*PROVIDED MATERIAL:*
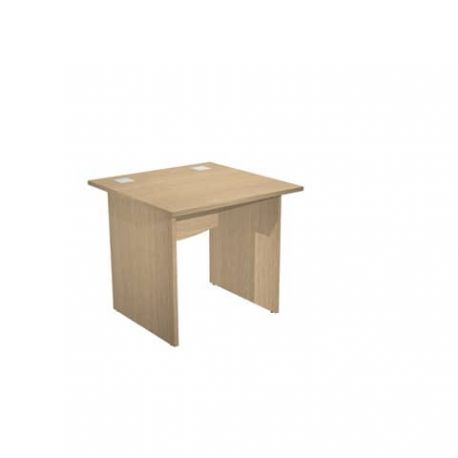 SCRIVANIA FIANCHI MELAMINICO CM.80X80X73H ROVERE
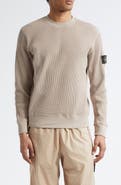 Stone Island Cotton Waffle Knit Sweatshirt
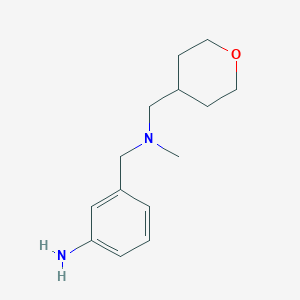 molecular formula C14H22N2O B7555315 3-[[Methyl(oxan-4-ylmethyl)amino]methyl]aniline 
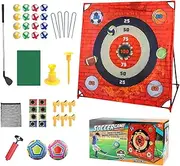 Golf Game Set - 4 in 1 Golf Battle Game - Interactive Outdoor Toy, Preschool Learning Activity for Children Home Studio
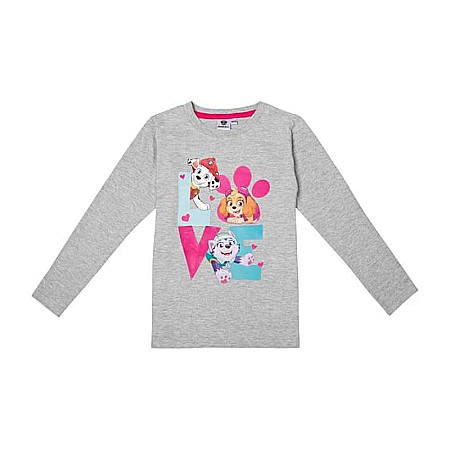 Pijama copii, cu mânecă lungă, multicolor, bumbac, Love, Paw Patrol [1]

*EXERCISE INSTRUCTIONS:*
Find the line that contains "Stone Island Cotton Waffle Knit Sweatshirt", then write out that line and each one after it, exactly and with nothing else, through the end of the entries above, without the pictures.

*TASK RESPONSE:*
 Stone Island Cotton Waffle Knit Sweatshirt
 molecular formula C14H22N2O B7555315 3-[[Methyl(oxan-4-ylmethyl)amino]methyl]aniline 
 Golf Game Set - 4 in 1 Golf Battle Game - Interactive Outdoor Toy, Preschool Learning Activity for Children Home Studio
 Pijama copii, cu mânecă lungă, multicolor, bumbac, Love, Paw Patrol [1]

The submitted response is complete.